• **PROBLEM STATEMENT**: Print only the lines running from the line with "A 17th-century carved" to the final line below, both included, exactly as written and without the pictures.

----------------

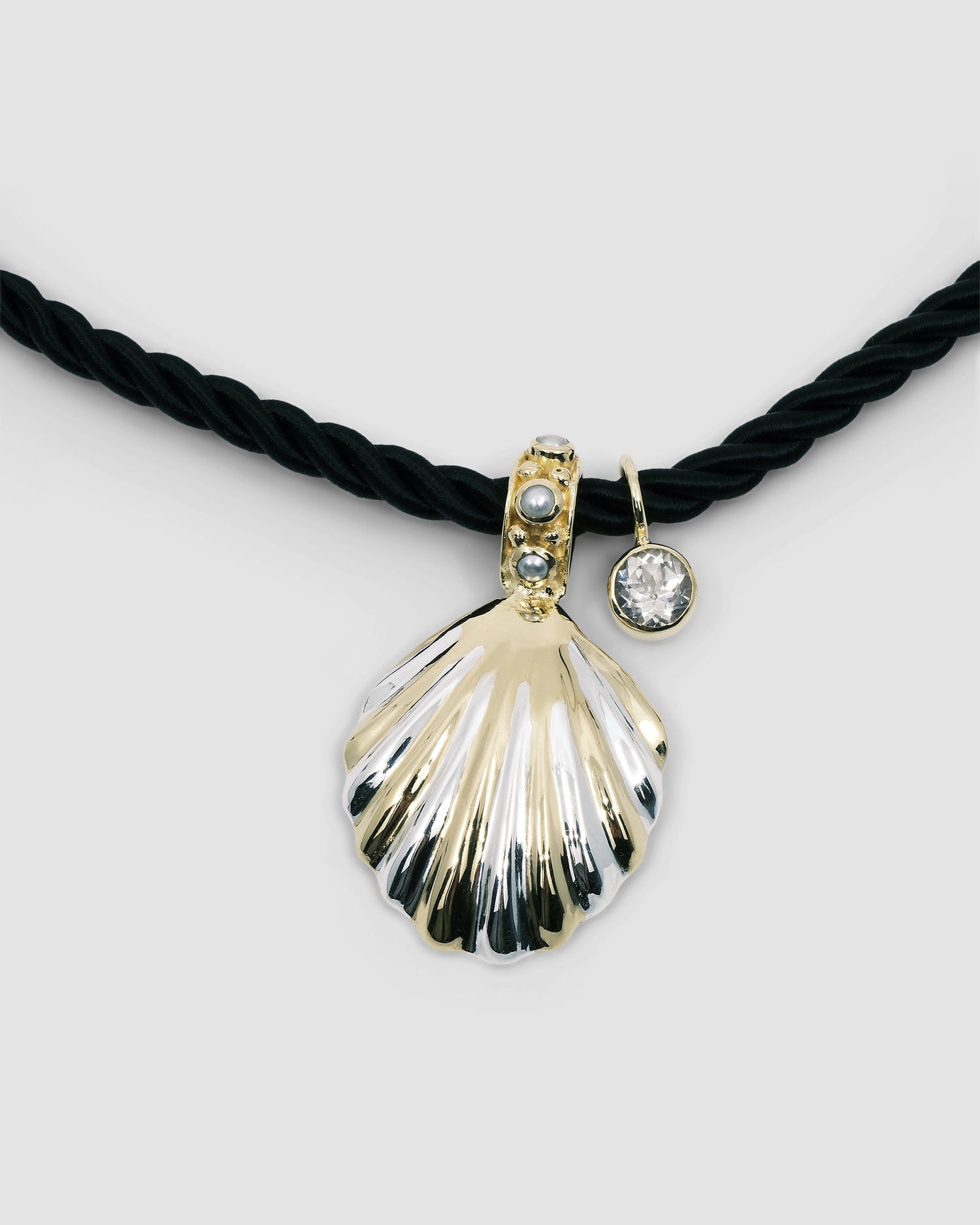 unusual striped gold shell pendant with pearls dotted around sit on a black cord pendant with a crystal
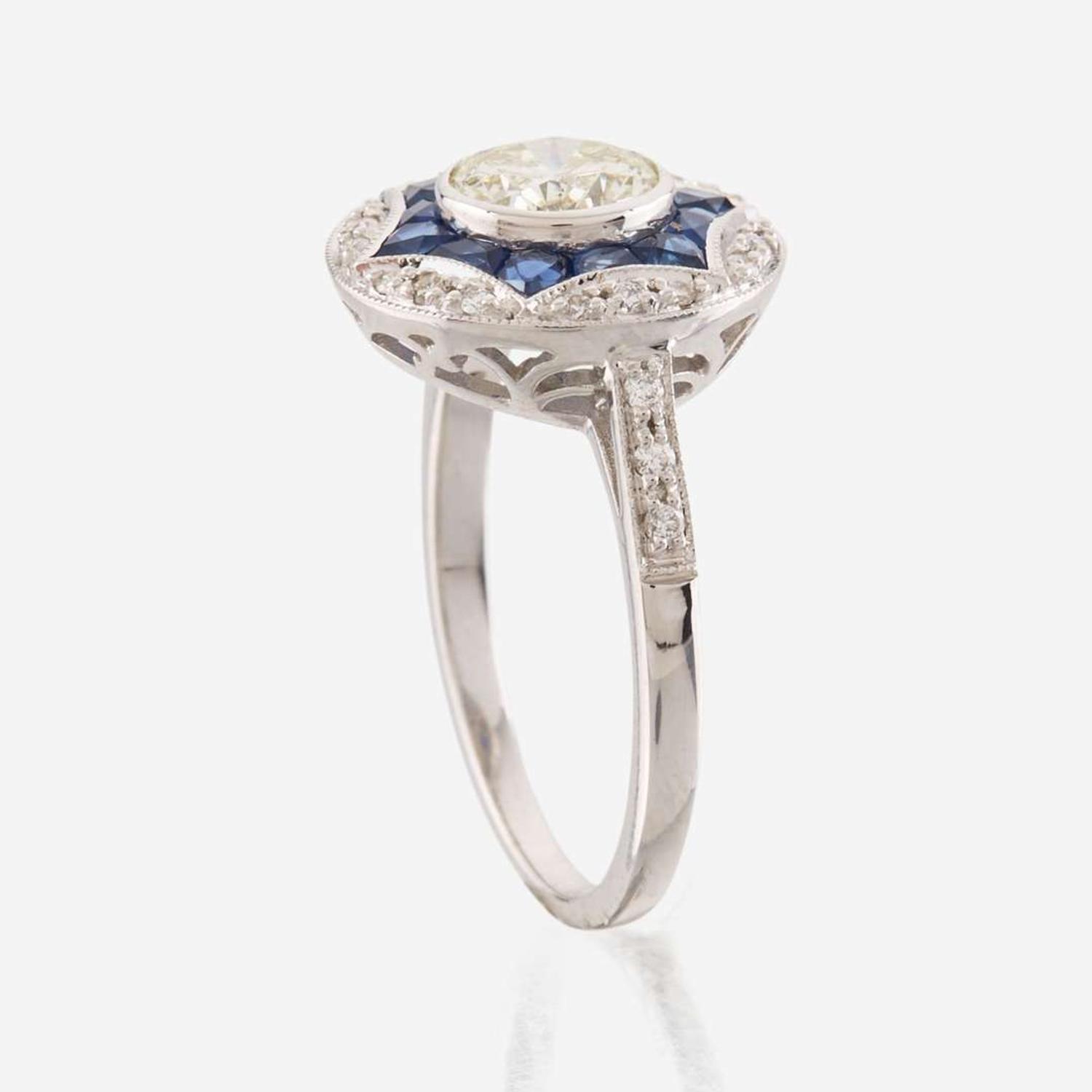 A diamond, sapphire, and white gold ring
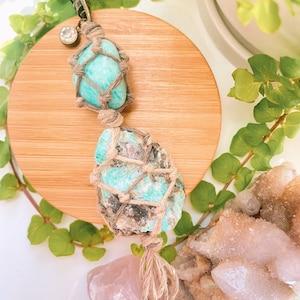 May include: A green and brown crystal keychain with a macrame wrap. The keychain is made with natural materials and has a rustic look.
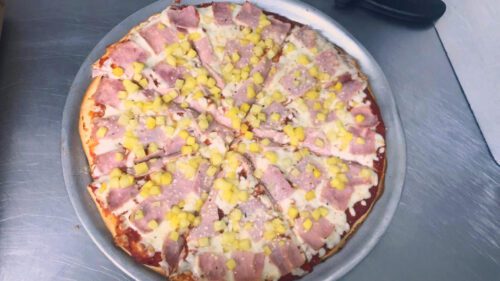 Hawaiian Pizza with cheese, ham, and pineapple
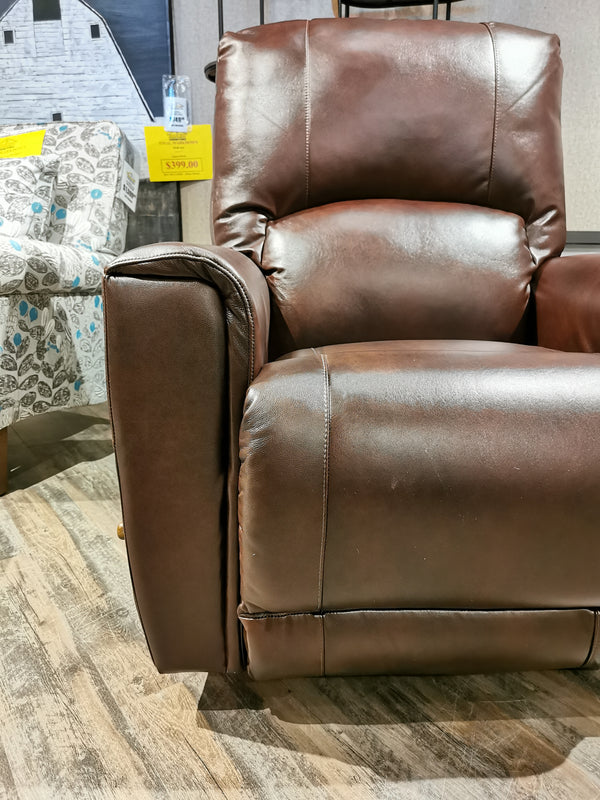 802 Cassian Rocker Recliner by La-z-boy displayed in showroom, patterned fabric chair seen behind.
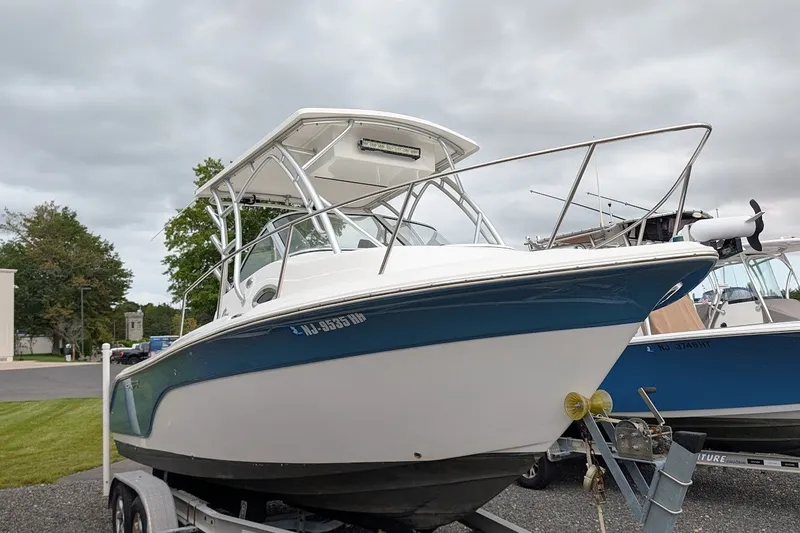 Slide: The Image of 2012 Sea Fox 216 Walk Around boat on trailer, parked outdoors under cloudy sky. - 22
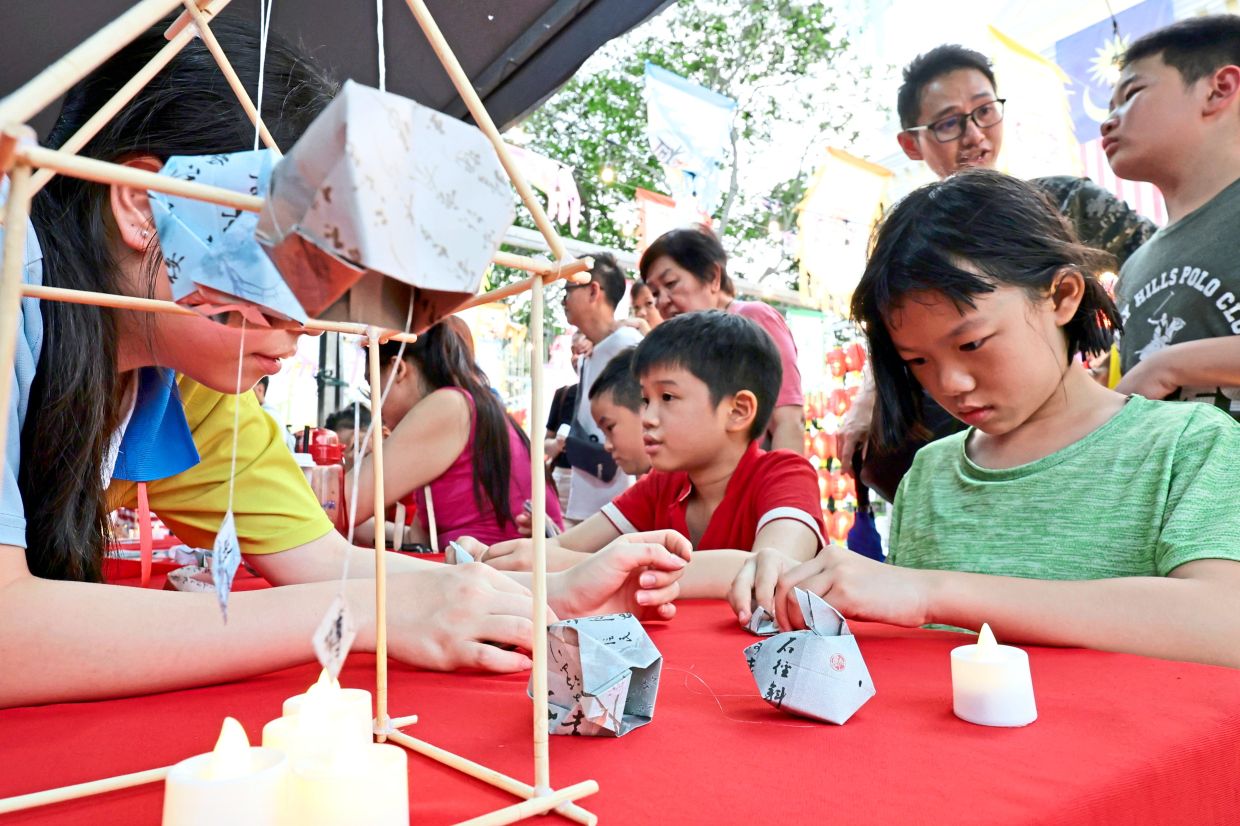 Xin Nee (in green) folding a paper into a delicate rabbit lantern at one of the many activity booths at the festival.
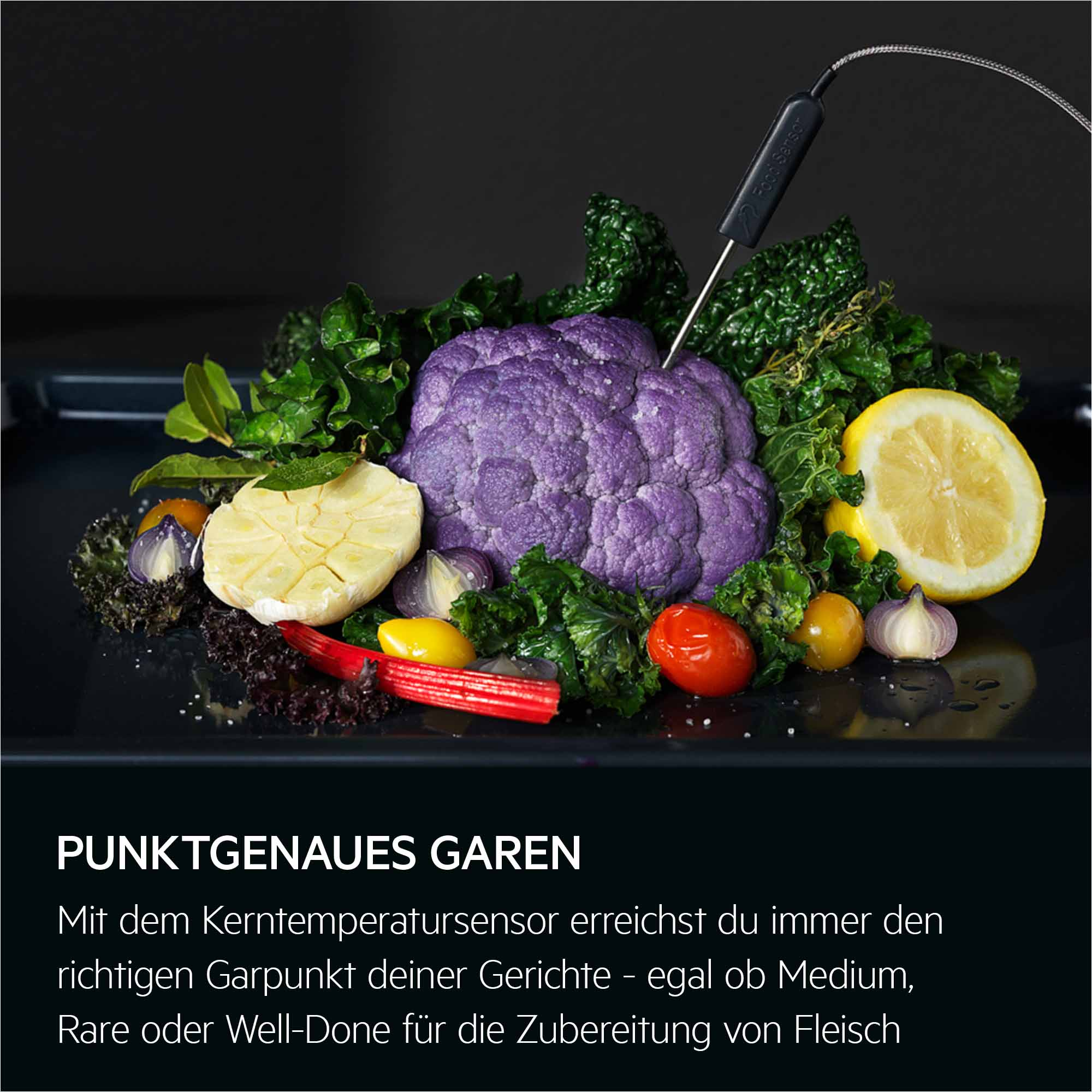Ein Fleischthermometer steckt in violettem Brokkoli, neben Knoblauch, Zitronenscheibe und Gemüse.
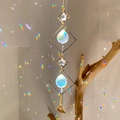 Golden geometric suncatcher with crystal balls and stars creating rainbow light reflections - B22 Style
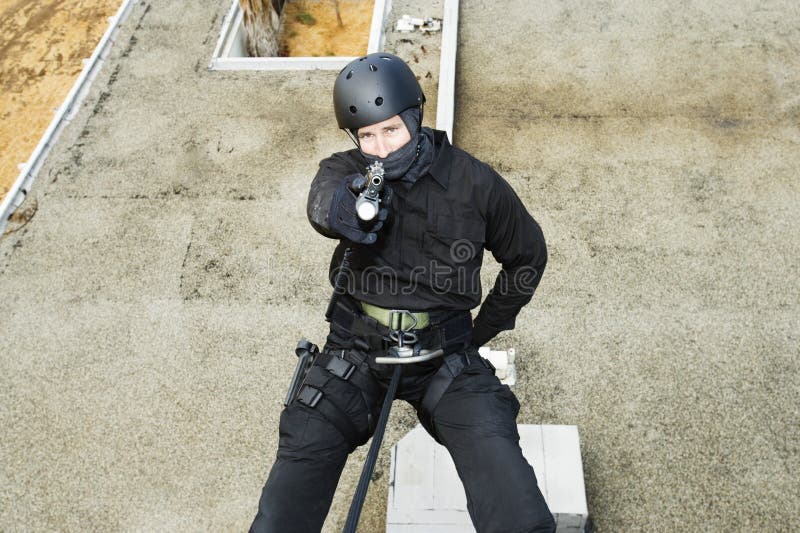 SWAT Team Officer Rappelling and Aiming Gun Stock Image Image of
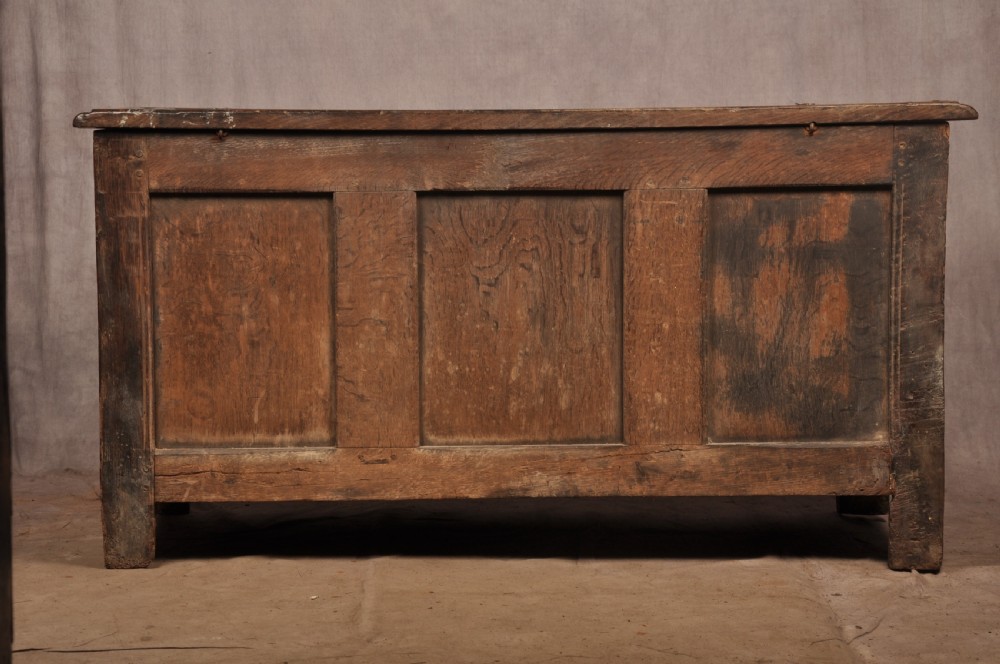 A 17th-century carved dark oak coffer featuring intricate geometric lozenge panels, an arched central carving, and a flat hinged lid. View XV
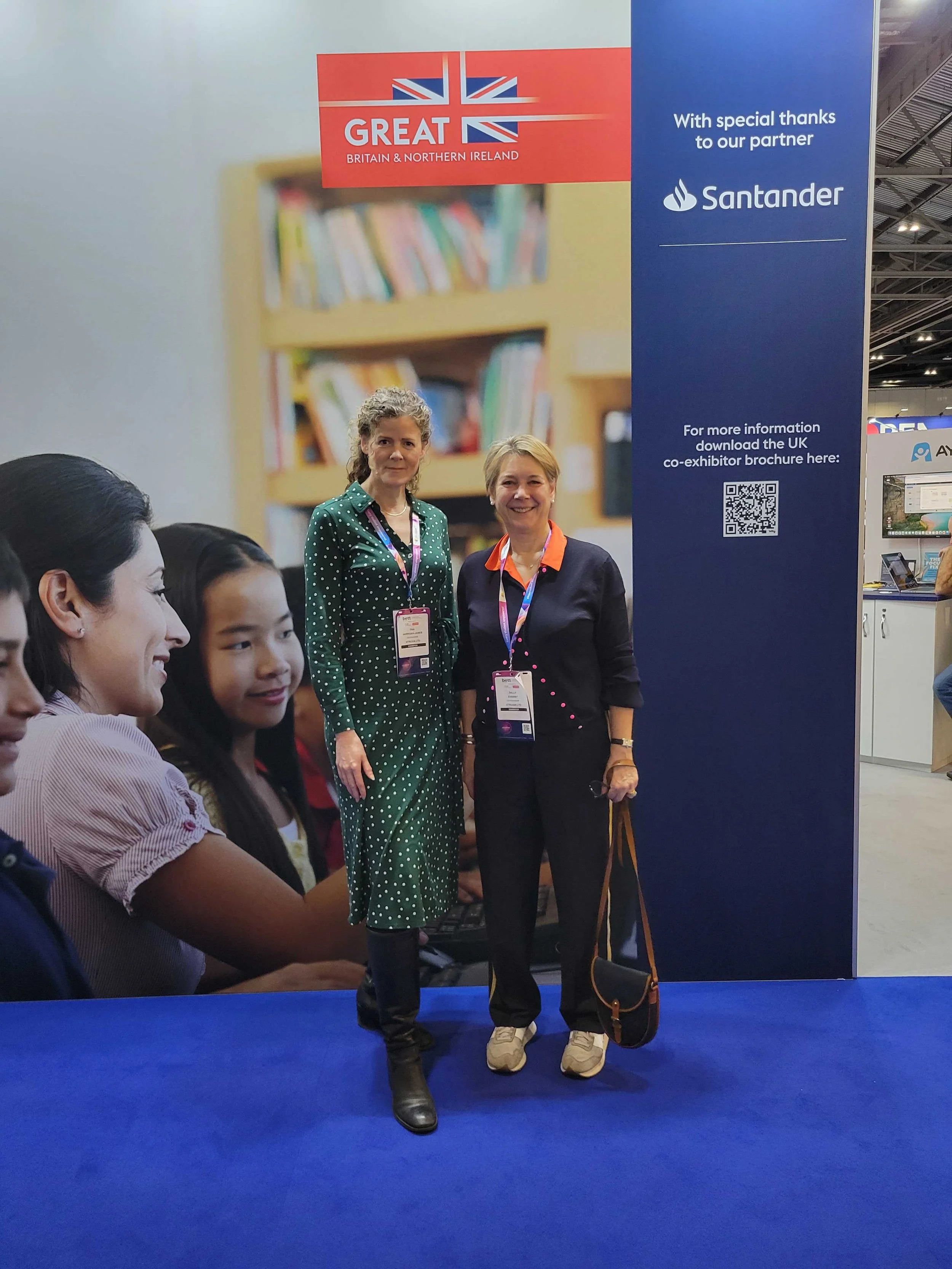 Vitruvia's co-founders standing in front of a large banner at BETT London, January 2026, with a blue background and white text. The banner has a red section with a British flag and the words "GREAT Britain & Northern Ireland". The conference setting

----------------

• **RESULT**:
 A 17th-century carved dark oak coffer featuring intricate geometric lozenge panels, an arched central carving, and a flat hinged lid. View XV
 Vitruvia's co-founders standing in front of a large banner at BETT London, January 2026, with a blue background and white text. The banner has a red section with a British flag and the words "GREAT Britain & Northern Ireland". The conference setting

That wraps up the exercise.